I’ve been watching Disney’s classics with my young daughters lately; I haven’t seen these movies since I was a kid. All of them have the same basic plot; what changes are the characters that represent the different archetypes. For example, the roll played by the seven dwarfs in Snow White is taken by mice in Cinderella who later become the horses in Cinderella’s chariot.

They always present a battle between absolute good and absolute evil where there is no place for reconciliation. The only possible resolution to this conflict is the annihilation of one of the sides by the other through the use of violence. Violence is justified as the only means to bring harmony. When murder is performed by the forces of evil it is bad, but if it is done by the forces of good it is presented as a noble action which idealizes and perpetuates the idea of an eternal martial state.

These stories take place once upon a time in a prosperous kingdom ruled by a benevolent king.

Just from watching the modest village that surrounds the opulent castle where the benevolent king lives you can tell that all these kingdoms have a totalitarian regime and a socio-economic system which fosters servitude and social injustice. You can also tell that horrible acts are committed in the dungeons of these castles whenever the capricious wishes of the selfish tyrant are not fulfilled. For instance, the benevolent king of Cinderella threats with capital punishment his duke if he doesn’t get a bride to his son, the prince.

If this kind of behavior is shown by the king in trivial matters, I can’t help but to fantasize about what happens the dry years when the crops are not abundant enough to support the lifestyle of the king and his court (the exuberant parties, the banquets, the hundred rooms’ palace, the fancy clothes, the hunting trips…). If such brutality is displayed to his close acquaintances, what happens to the poor peasants in time of taxation when they can not afford it?

Women are shown as objects; their purpose in life is to marry a wealthy guy and procreate.

Beauty is equated with good and ugliness with evil which endorses an extremely shallow, unfair and dangerous reading of reality.

You could argue that I am overanalyzing; in part I am because I think is fun and in part because is the only way to endure five weekends of Disney's movies; but I would submit that they reflect the unquestioned values that support the fabric of our society. They are the ones that fuel the mutibillion-dollar wedding industry, the million cases of anorexia, our tendency to read the world in terms of absolute good and evil and finally the idea that the only way to deal with everything we don’t understand or consider good is to destroy it.

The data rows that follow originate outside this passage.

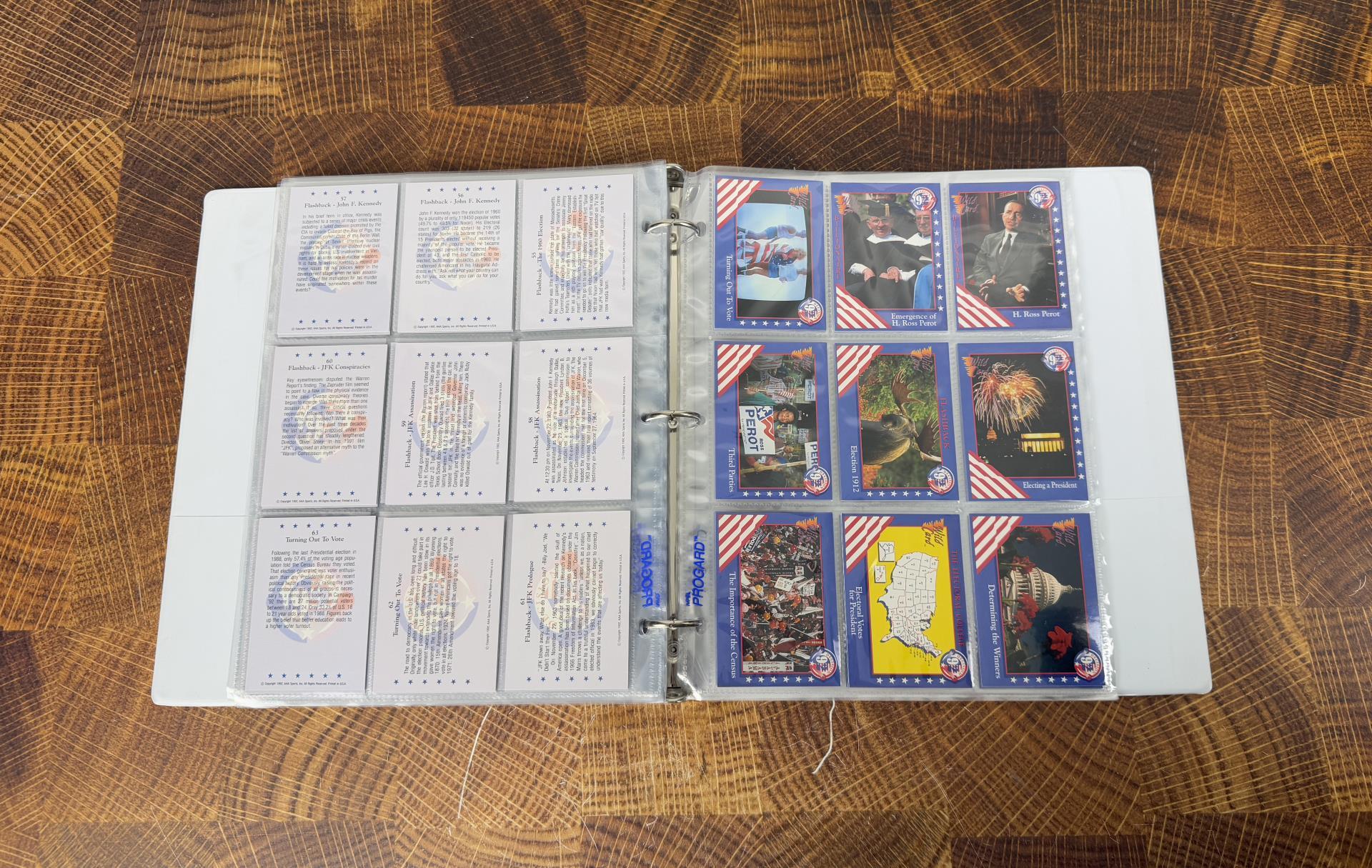 Decision 92 Presidential Election Cards in Binder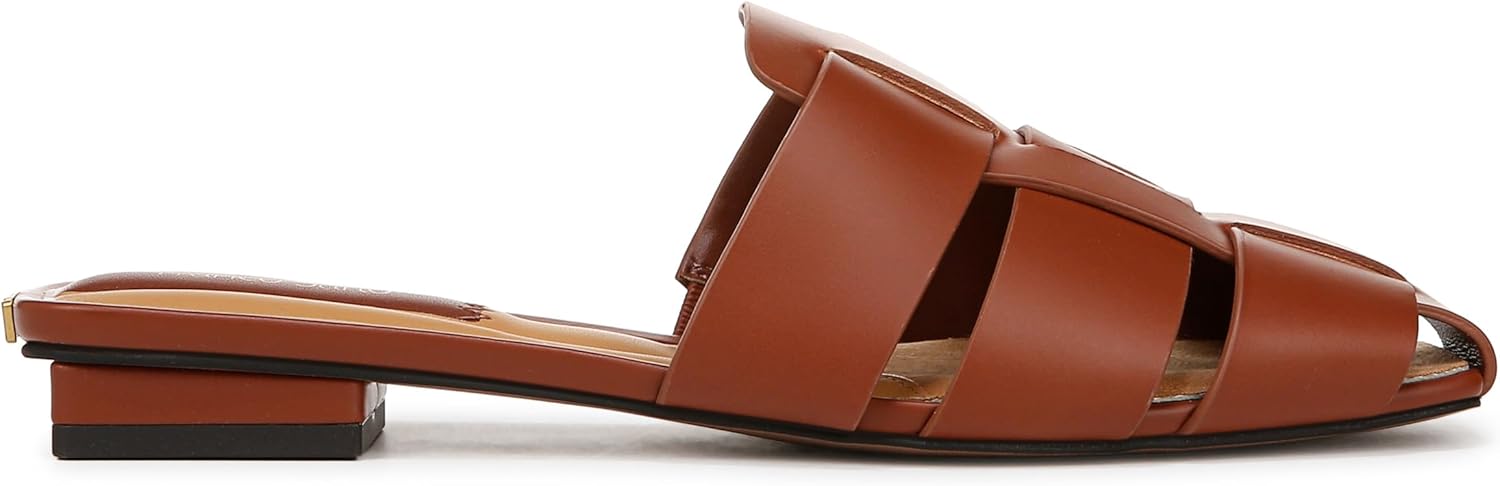Franco Sarto Women's Tavana Fisherman Square Toe Flat Mules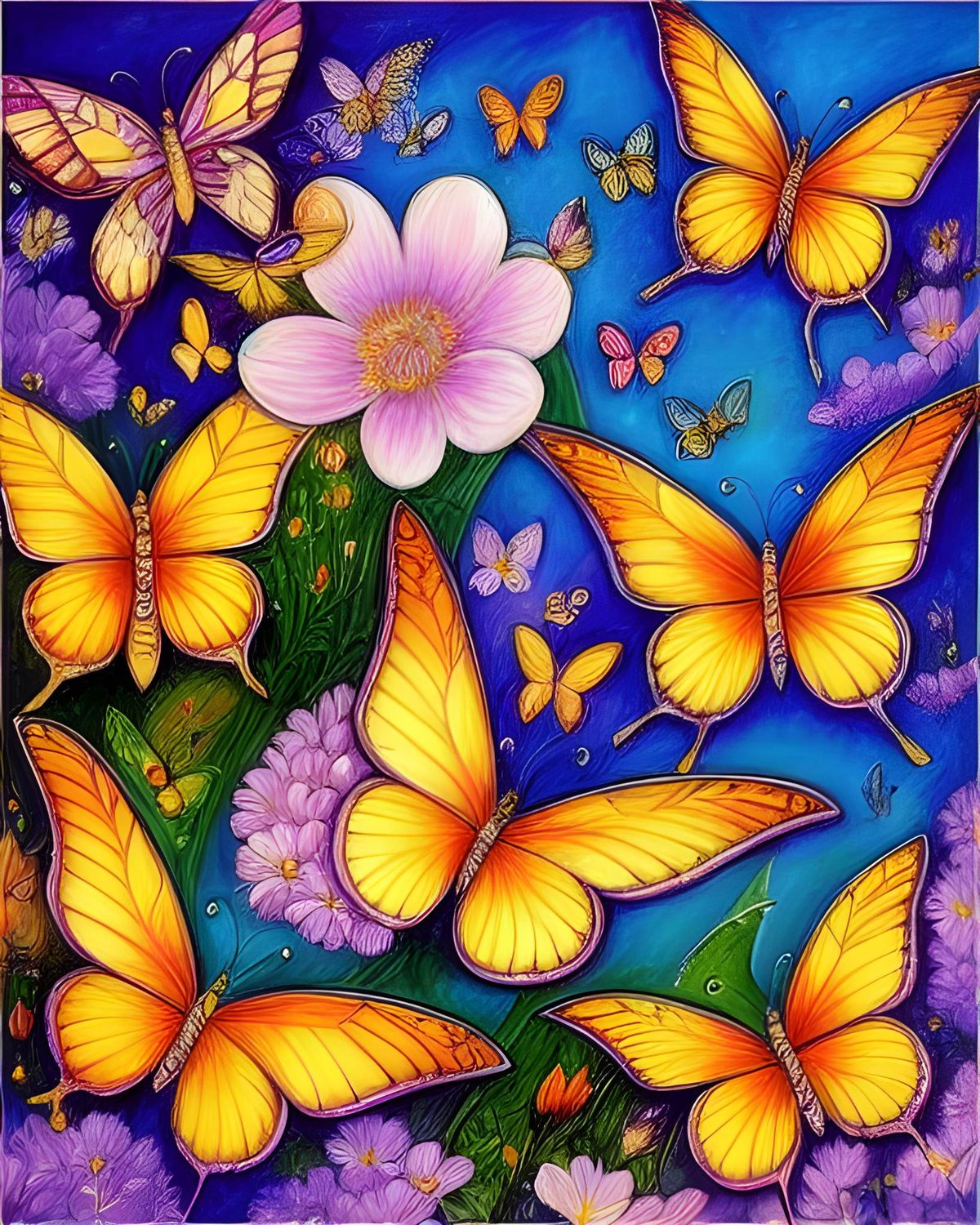 Butterflies M401 - Specially ordered for you. Delivery is approximately 4 - 6 weeks.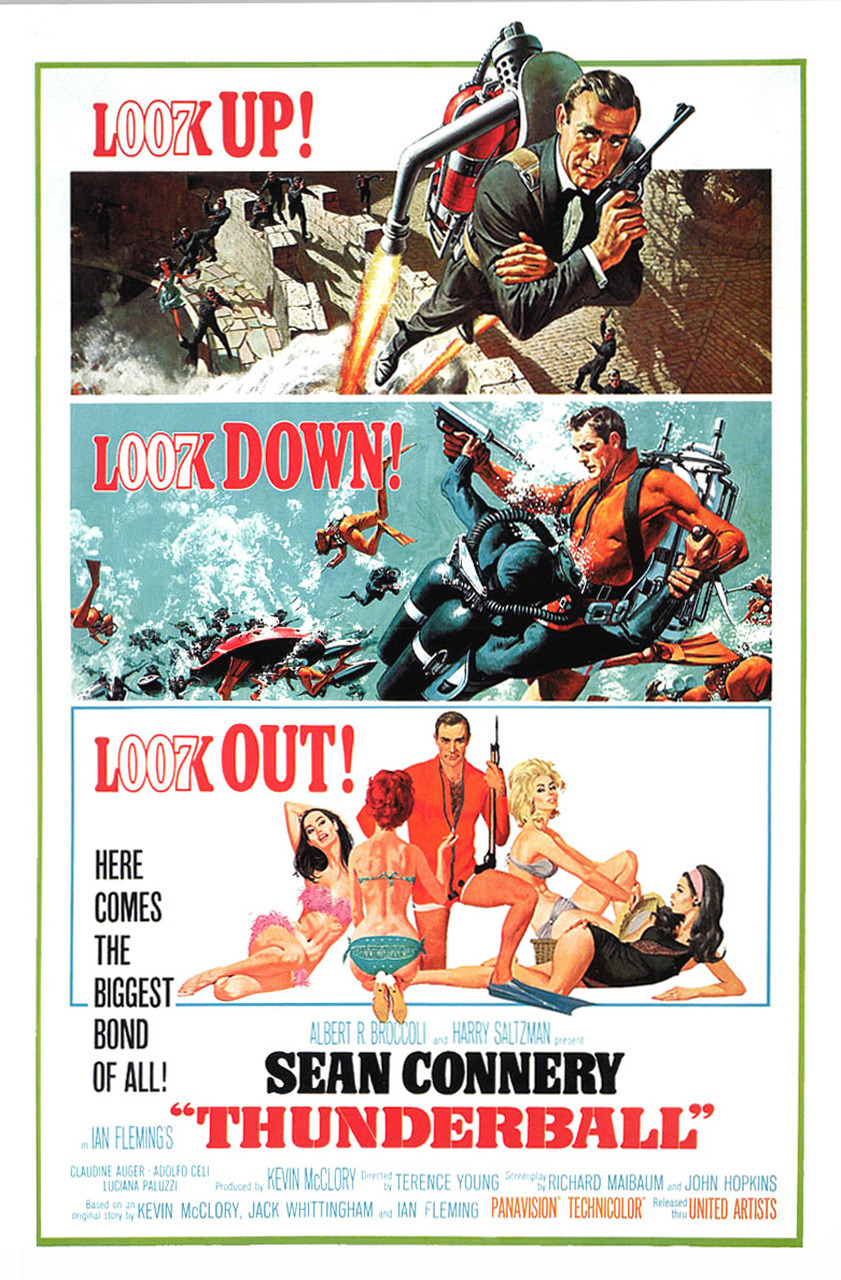 James Bond - The Spy Who Thrills Us, Thunderball - And the Kitchen Sink!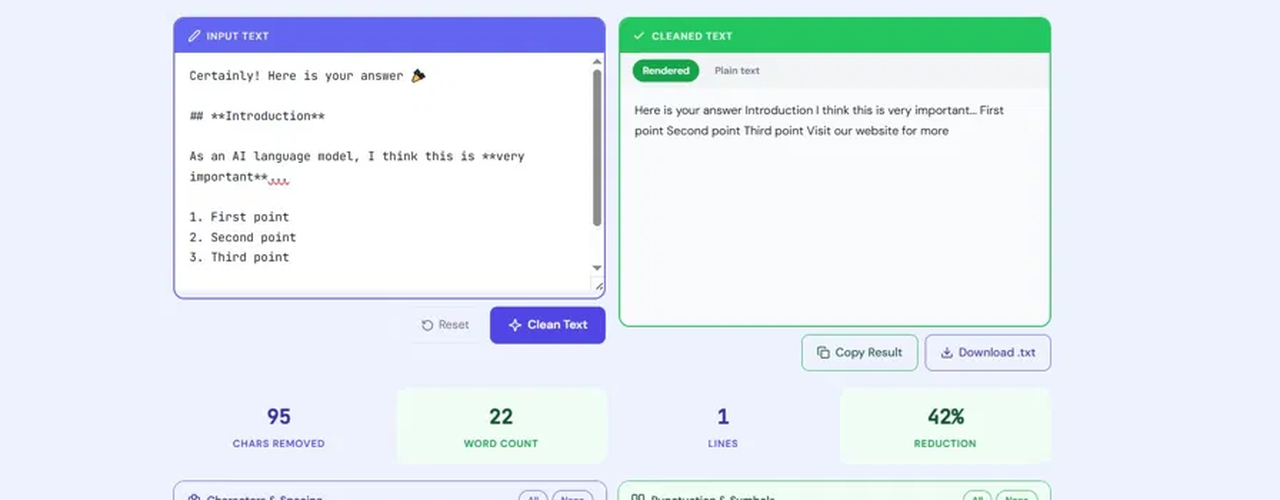 AiCleanerText gallery image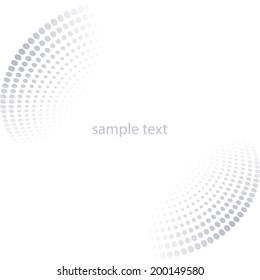 Abstract dotted background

We have become smarter about fairy tales, newer movies like Shrek make fun of the naiveness of these movies from decades ago, but at the end of the day the values they reflect are the same: the violence, the Manichaeism and the "happily ever after" are still present. In a way they are more insidious because they create the illusion of criticism.

Moving images have a deep effect, specially when shown to tender minds; upon further inspection, just like the benevolent kings, they may not be as good as they seem. One thing I have learned from watching these movies is that some times beautiful apples can be poisonous.